Strategic alliances are considered as one of the shortcuts to gain knowledge through organizational learning. [21] Cyert and March mentioned about organizational learning for the first time in 1963.

Organizational learning can be defined as the change in the organizational knowledge. This change can be adding new information, reducing information or transforming information to the present organizational knowledge such as organizational rules, strategies, cultures and talents. [22] Organizational learning can be grouped as routine-based, history-dependent and target-oriented and it includes how organizations learn from direct experience, from experience of others and how organizations develop paradigms for interpreting that experience. Huber states that an organization learns if the gained knowledge is accepted as potentially useful to the organization and its potential behaviors are changed. [23] A learning organization combines the collective intelligence and commitment at all levels of the organization. Senge identifies a learning organization “in terms of continuous development of knowledge and capacity.” [24]
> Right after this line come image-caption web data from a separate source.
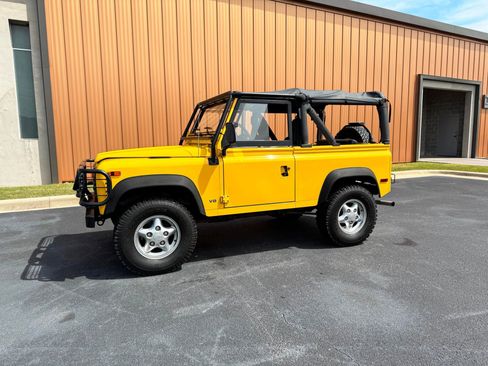Used 1997 Land Rover Defender 90 AWD/4WD image 12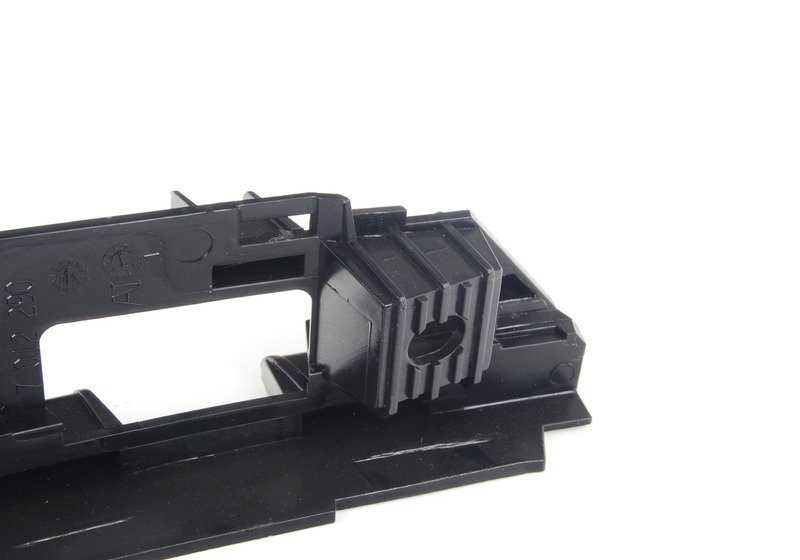 Soporte trasero derecho OEM 51127012290 para BMW E65, E66. Original BMW.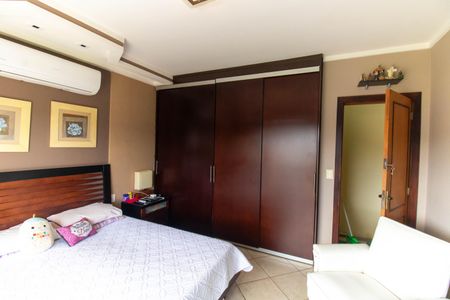 Casa à venda com 296m², 5 quartos e 3 vagasSuíte 1
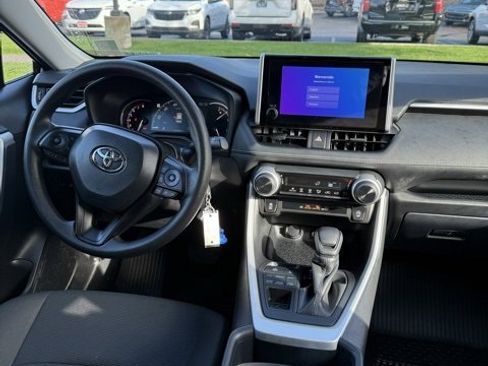 Certified 2025 Toyota RAV4 LE image 30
Huber mentions about four learning-related constructs: 1- knowledge acquisition (knowledge is obtained), 2- information distribution (information is shared and leads to new information), 3- information interpretation (distributed information is interpreted), 4- organizational memory (knowledge is stored for future use).

Table 1. Differences between organizational learning and learning organization

Organizational Learning Learning Organization

Focus Processes Organization form

Approach Descriptive Normative

Aim Theory building Increasing the organizational performance

Existence Exists naturally, neutral Needs activity, preferable Key question How does an organization learn? How should an organization learn?
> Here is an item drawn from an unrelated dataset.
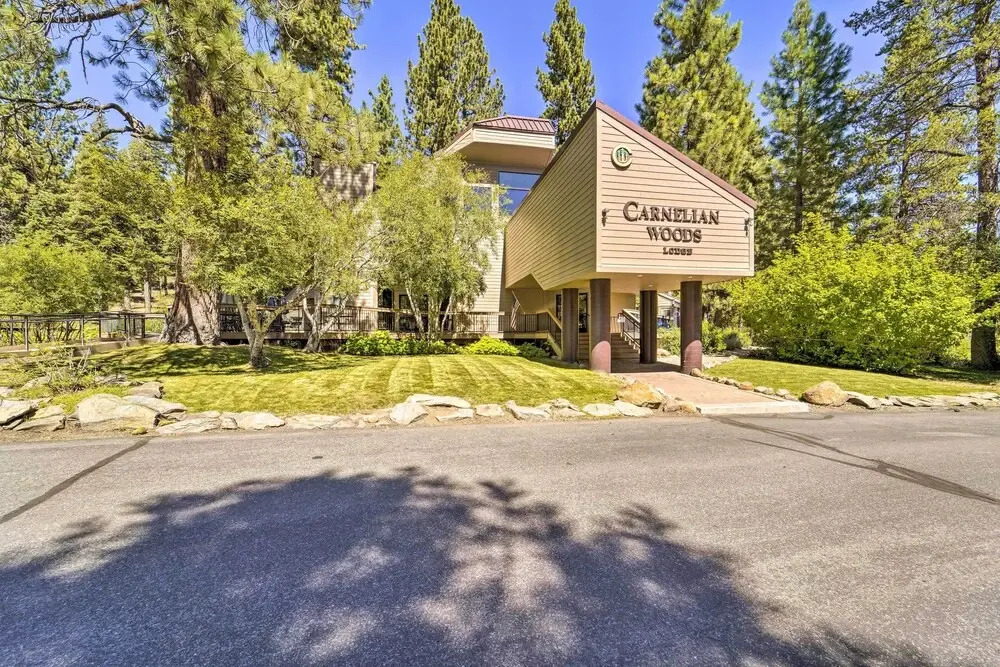Steps to Lake: Scenic Carnelian Bay Retreat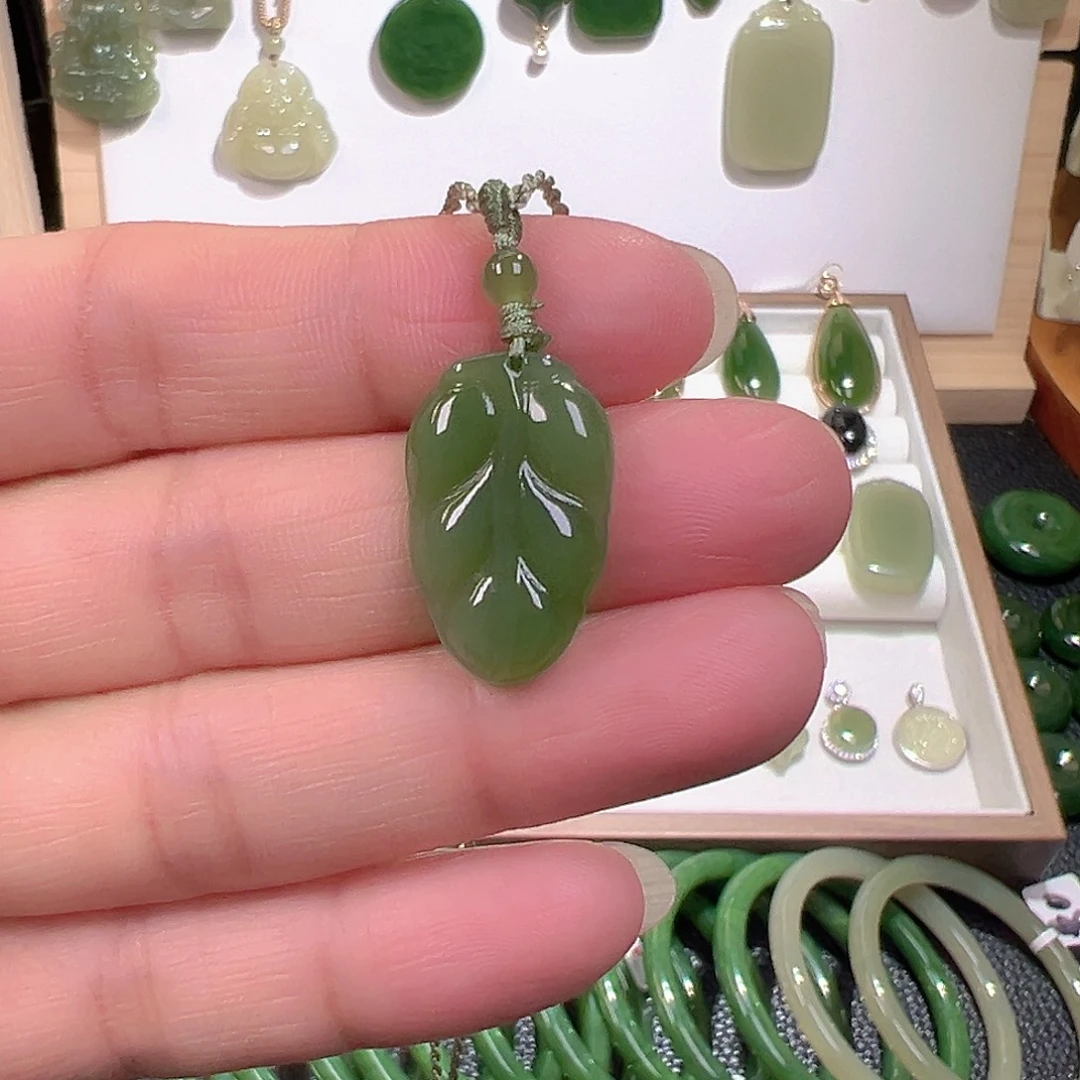 和田玉（碧玉）未镶嵌颈饰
Target group Academics Practitioners / Consultants

The result of learning potential behavior change existing behavior change Learning-performance relation positive or negative Expected to be positive Source: Örtenblad, 1995; Koç, 2009.

Most of the researches have shown that cooperative agreements between companies provide opportunities for knowledge transfer in terms of identifying, transferring and internalizing external knowledge. [25] A company’s main motivation for entering into collaborative agreements is to transfer organizational knowledge. [26] As Inkpen and Tsang cited from Argote and Ingram, knowledge transfer is the process through which one company is affected by the experience of another and it guides to change in knowledge or performance. [27] Nonaka and Takeuchi differentiate tacit knowledge from explicit knowledge in terms of being personal and context-specific, in other words tacit knowledge is hard to be formalized and communicated. [28] On the contrary, explicit knowledge is easily transmitted in formal language. Knowledge is created as tacit knowledge by individuals then made explicit and shared by social interaction. The Nonaka and Takeuchi Knowledge Spiral model focuses on transforming tacit knowledge into more explicit forms.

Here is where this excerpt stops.